Maybe so, maybe not. We caught a LN node out of field in a head and neck case that wouldn’t have been treated in our pre planning contour review. We are pretty into peer review. It’s always “we don’t have time or luxury”. We didn’t but now we do, because it’s important to me and my vision for the department.

I’m also curious if there was pre-treatment tumor board and what the actual PET-CT report says. If they had tumor board and the report mentions it, then multiple people just plain screwed up.
I can’t imagine a pre-treatment tumor board took place here, even at manhattan’s worst. Radiologist would point out the rp node and dipsht ent would say: I am going to get that?
 
Last edited:
Radiologist would point out the rp node and dipsht ent would say: I am going to get that?
Honestly, looking at the screen captures, this whole thing could have been contiguous. Right tonsil, lateral pharyngeal wall, RP node and parapharyngeal infiltration all one big glob on the post failure MRI. In fact, looks like there is infiltration posterior to right longus colli (this is the RP space, even though RP nodes are typically anterolateral to longus colli) and I don't see a discrete node, just infiltrative tumor in the parapharyngeal space. If you treat enough head and neck, you will occasionally see these super infiltrative lesions (progressing along nerve paths, vascular sheaths, fascial planes, even intramuscular invasion).

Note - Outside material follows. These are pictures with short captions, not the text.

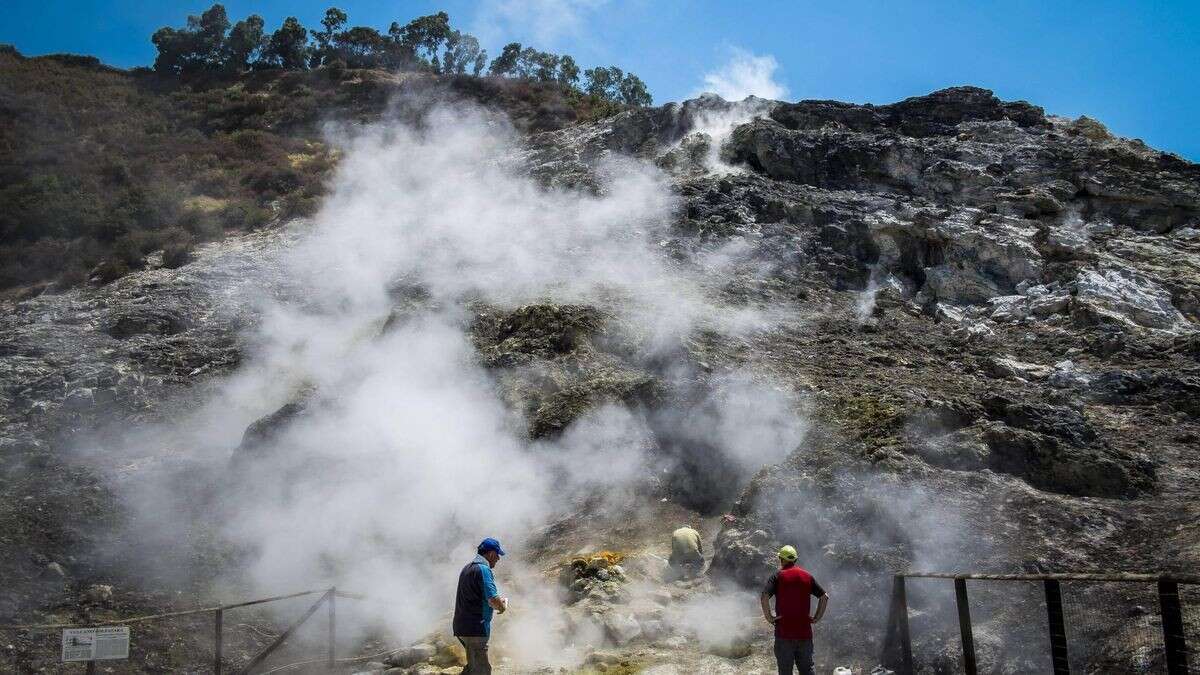 Nach Erdbebenserie: Gas-Alarm weckt neue Sorge am Supervulkan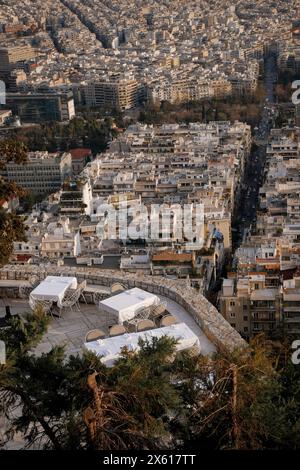 ATHÈNES - Une ville de lumière Foto Stock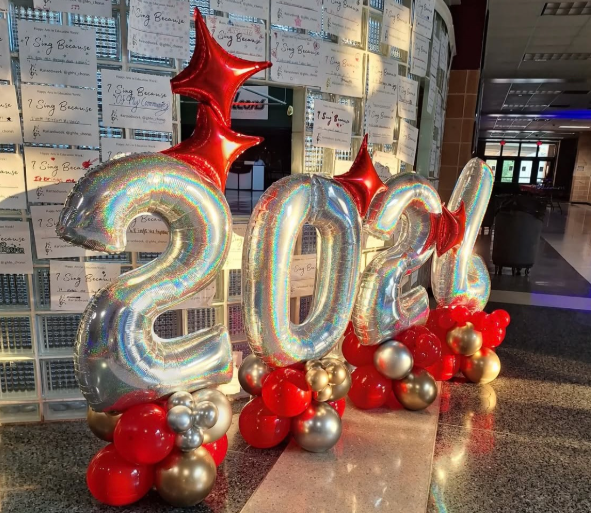 The student council decorates the commons for Homecoming. Photo used with permission from Selina Sentosa Harjo.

The PET screen captures I see are not so revealing to me. This person just may have had much more significant disease than apparent on scope or PET.

Most good ENTs will not go after deeply infiltrative lesions in this location. If surgery aborted early and just debulking, key to case may be path report and surgeons narrative.

Many community radiologists are quite good but delineating parapharyngeal, retropharyngeal, carotid spaces (all contiguous BTW) not usually strong suit in my experience.
 
Most good ENTs will not go after deeply infiltrative lesions in this location. If surgery aborted early and just debulking, key to case may be path report and surgeons narrative.
It seems that this is the point the whole case got out of hand. Every surgeon would have described that is his operation report. Now, either he never wrote one or noone cared to read it?